_Supplied material_

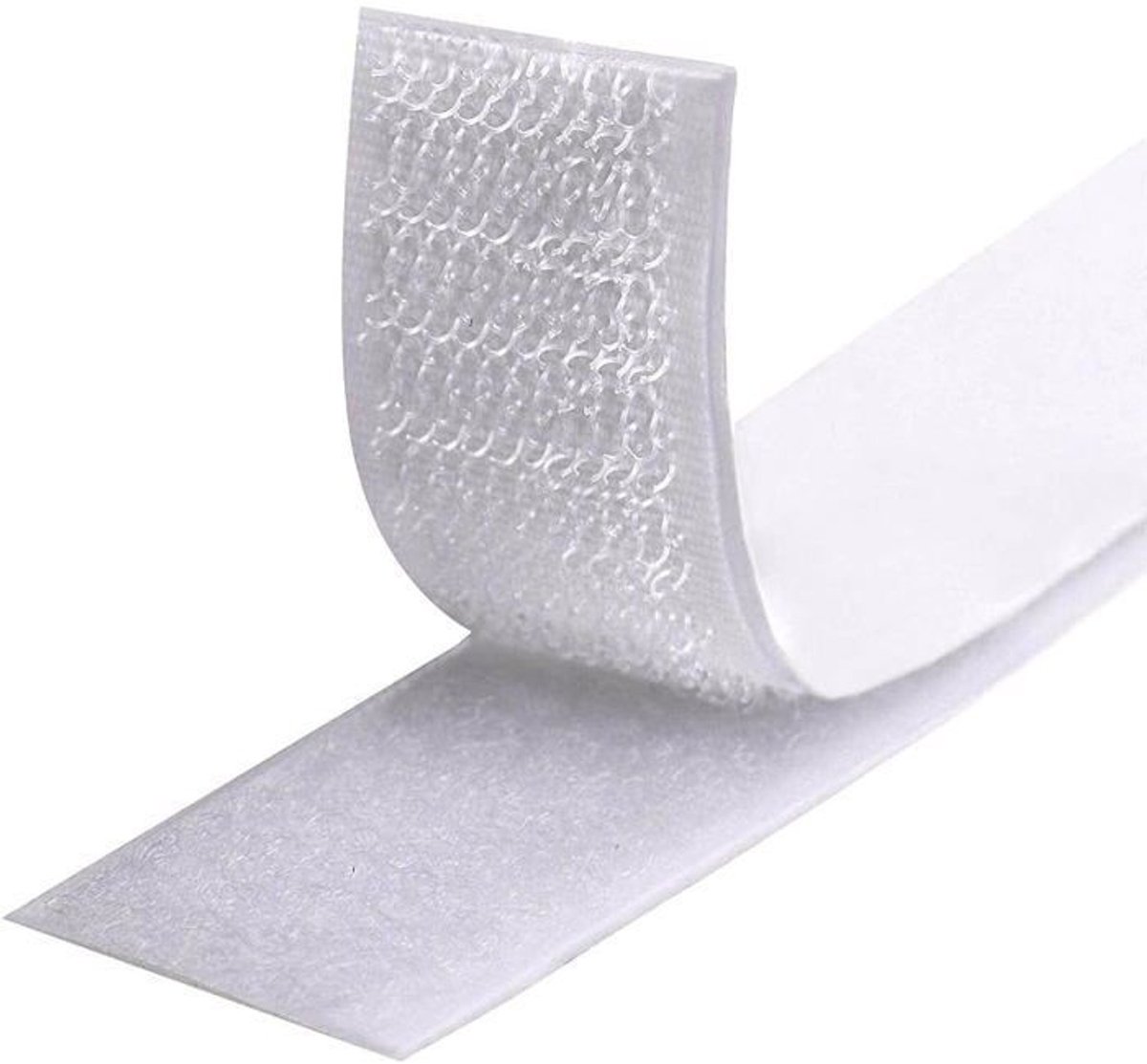 Dubbelzijdig zelfklevend klittenband - 20 mm x 8 m plakstrip voor frame-installatie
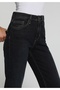 Loose Straight Fit Women's over Dyed Denim Jean Pants - 5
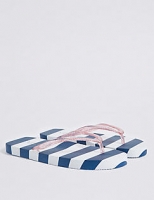 Marks and Spencer  Kids Striped Flip-flops (13 Small - 6 Large)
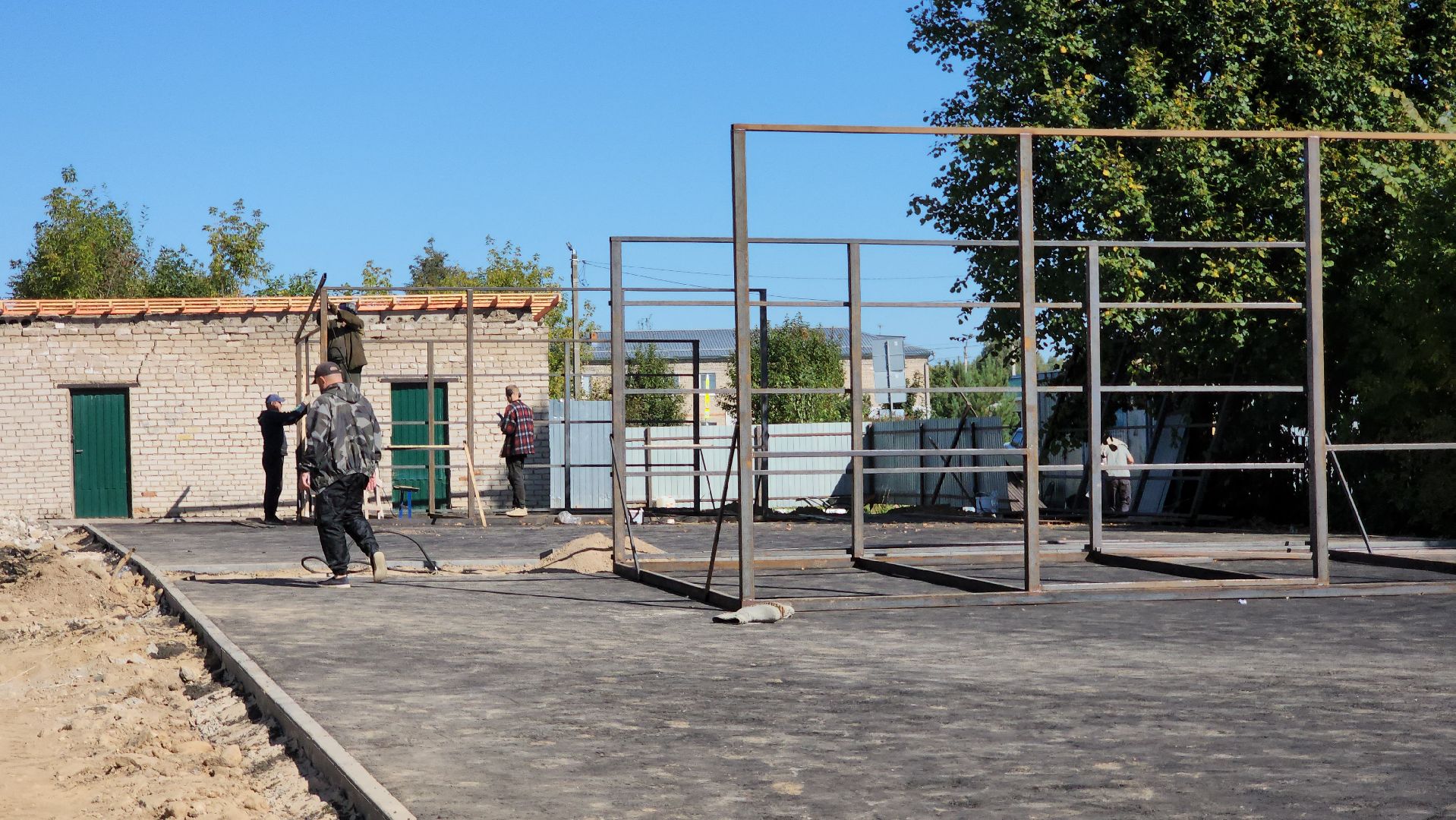 Руза , капитальный ремонт детского сада, колюбакино, Строительство ,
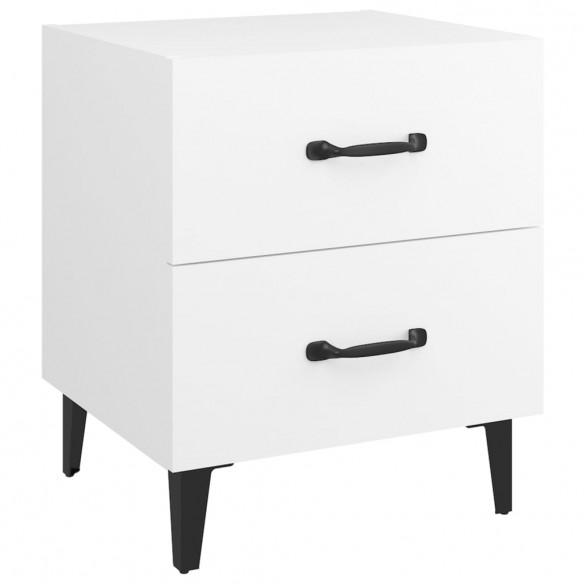 Tables de chevet 2 pcs Blanc 40x35x47,5 cm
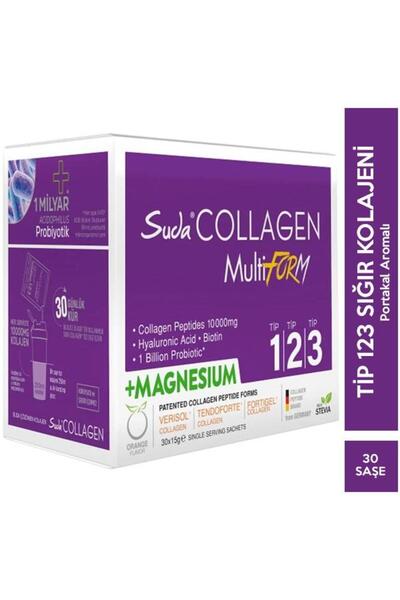 Suda Collagen Multiform Portakallı Magnesium 30 Saşe 15 gr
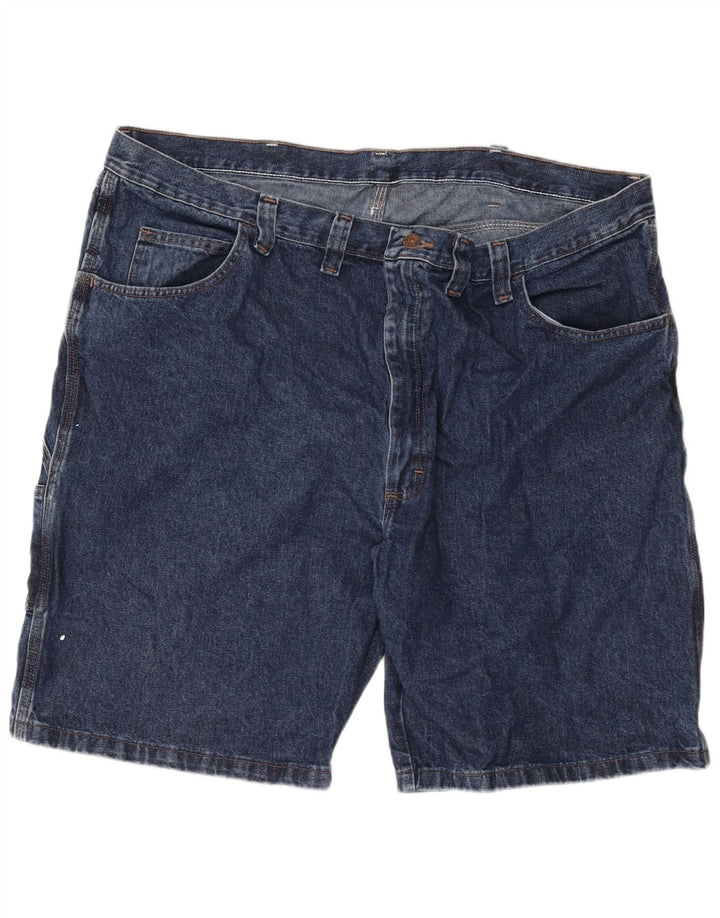 Pantaloni scurți din denim cargo Wrangler pentru bărbați W46 3XL, bumbac albastru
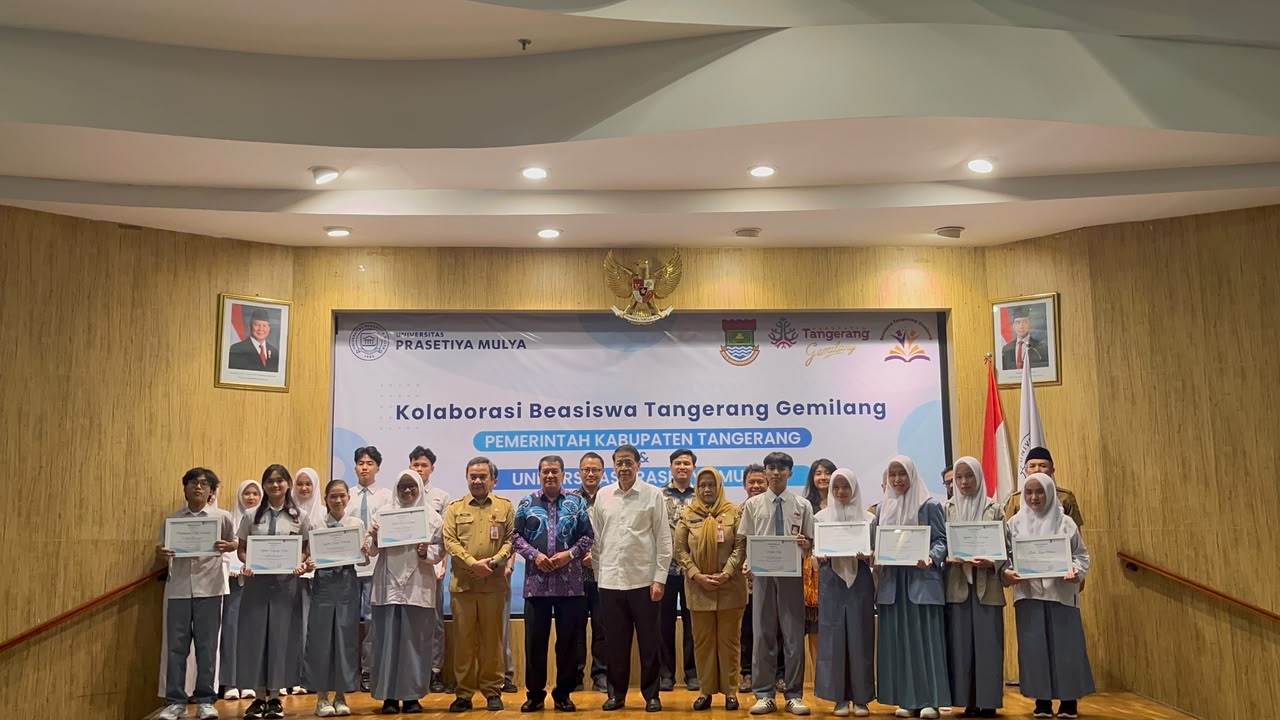 Perkuat Sinergi Pendidikan, Kepala MAN 3 Tangerang Hadiri Penandatanganan PKS Beasiswa Tangerang Gemilang di Universitas Prasetiya Mulya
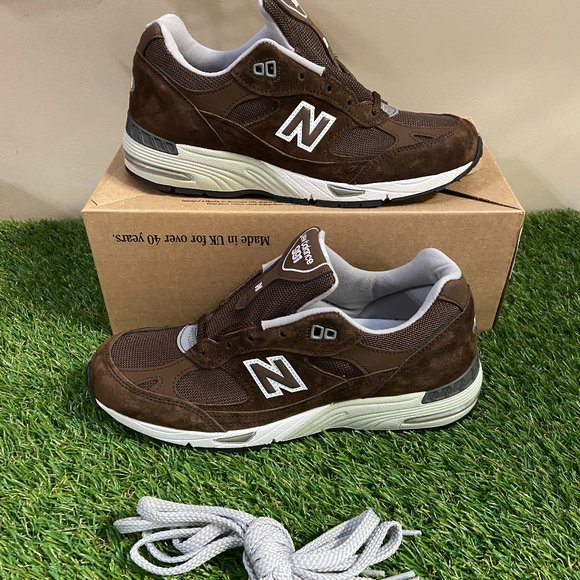 New Balance Shoes - New Balance 991 Made In England Brown Suede Womens 8.5 Mens 7 W991BGW NEW
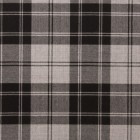 Reiver Light Weight Tartan Fabric - Douglas Grey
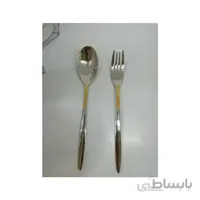 سرویس قاشق چنگال 24 نفره 118 پارچه مارک یونیک استیل خالص رنگ ثابت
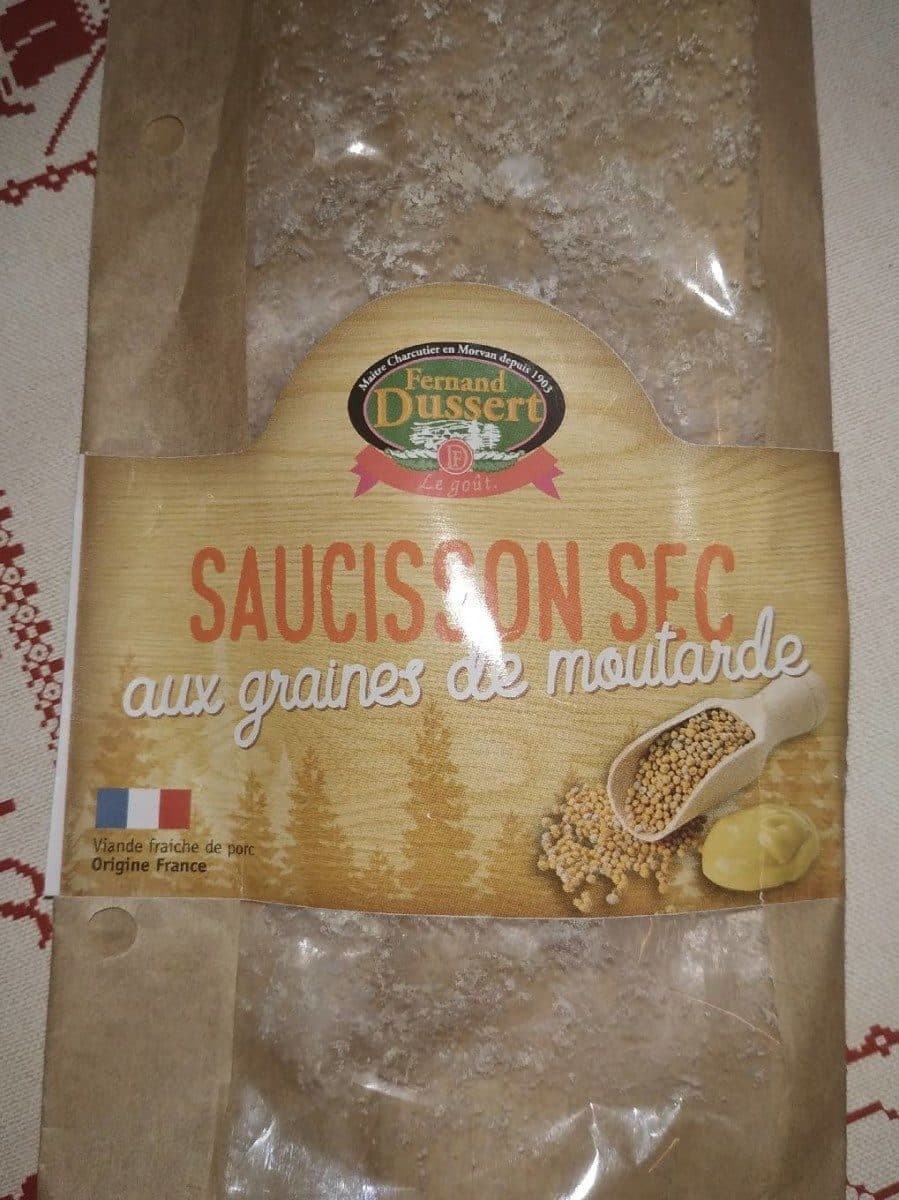 Open Food Facts Saucisson sec aux graines de moutarde 2% packshot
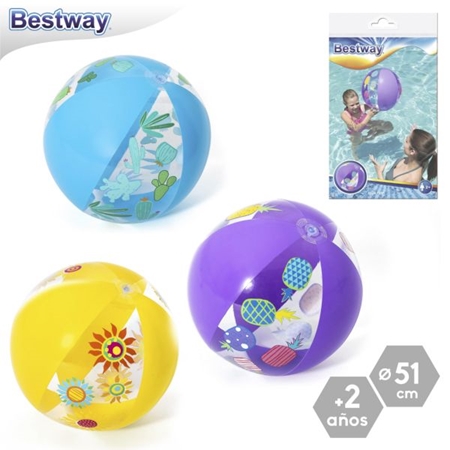 [I13981.1] PELOTA INFLABLE BESTWAY (31036) 51 CM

_Work to complete_
Repeat the listing above exactly from its first line to the line containing "Руза , капитальный", both included, and omit the pictures.

_Response to this task_
 Dubbelzijdig zelfklevend klittenband - 20 mm x 8 m plakstrip voor frame-installatie
 Loose Straight Fit Women's over Dyed Denim Jean Pants - 5
 Marks and Spencer  Kids Striped Flip-flops (13 Small - 6 Large)
 Руза , капитальный ремонт детского сада, колюбакино, Строительство ,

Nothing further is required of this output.